[Start of section]
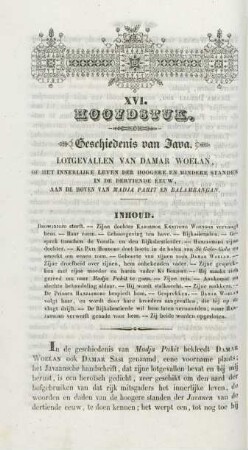 XVI. Hoofdstuk. Geschiedenis van Java. Lotgevallen van Damar Woelan, ...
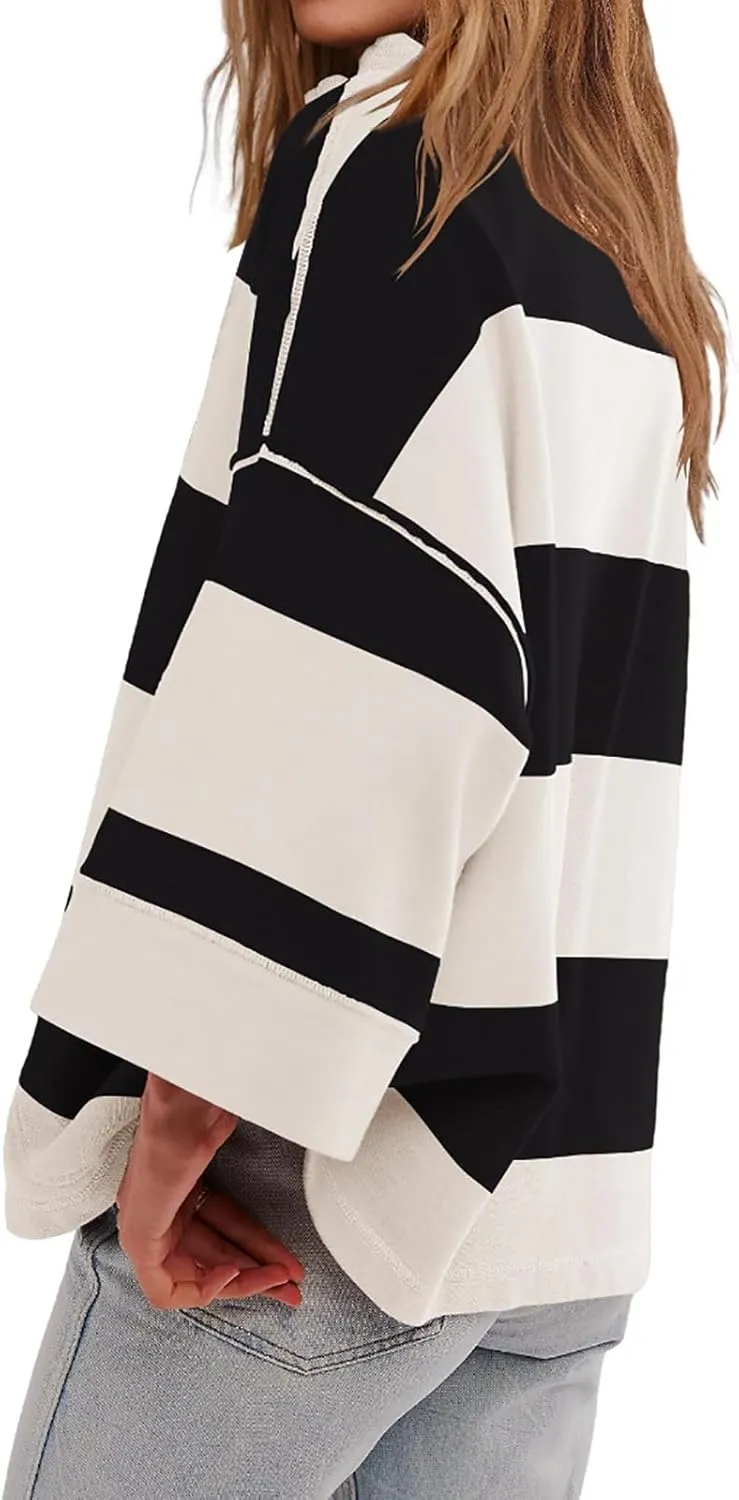 Women's Half Zip Sweatshirts Lightweight Oversized Tshirt Shirts Fall Trendy Long Sleeve V Neck Pullover Blouse Tops
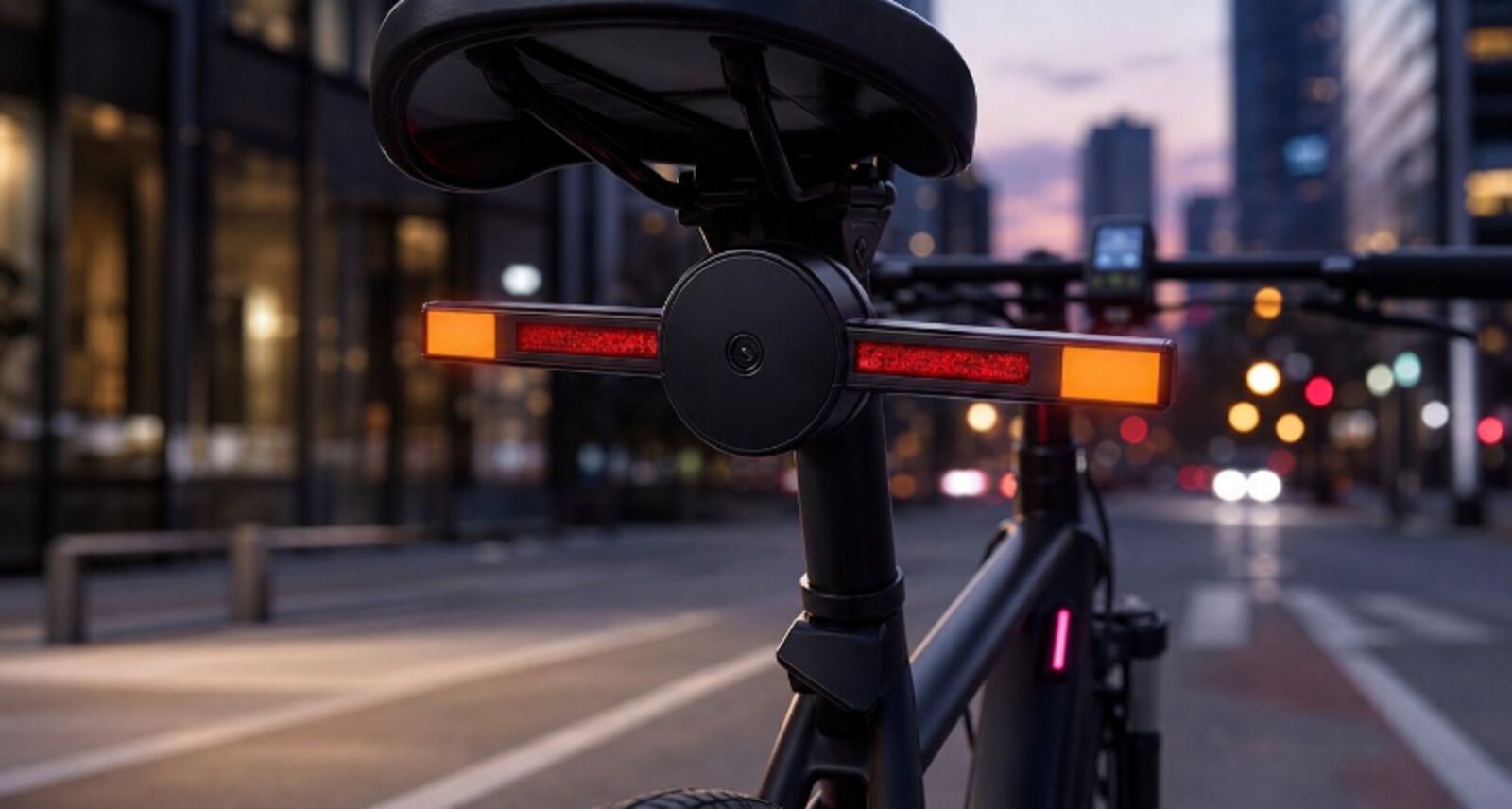 Unité SEEGO! avec clignotants allumés, montée sur la tige de selle d'un vélo au crépuscule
[End of section]
What to do –
The expected answer is the listing above, duplicated exactly, with its pictures removed.

Written reply –
 XVI. Hoofdstuk. Geschiedenis van Java. Lotgevallen van Damar Woelan, ...
 Women's Half Zip Sweatshirts Lightweight Oversized Tshirt Shirts Fall Trendy Long Sleeve V Neck Pullover Blouse Tops
 Unité SEEGO! avec clignotants allumés, montée sur la tige de selle d'un vélo au crépuscule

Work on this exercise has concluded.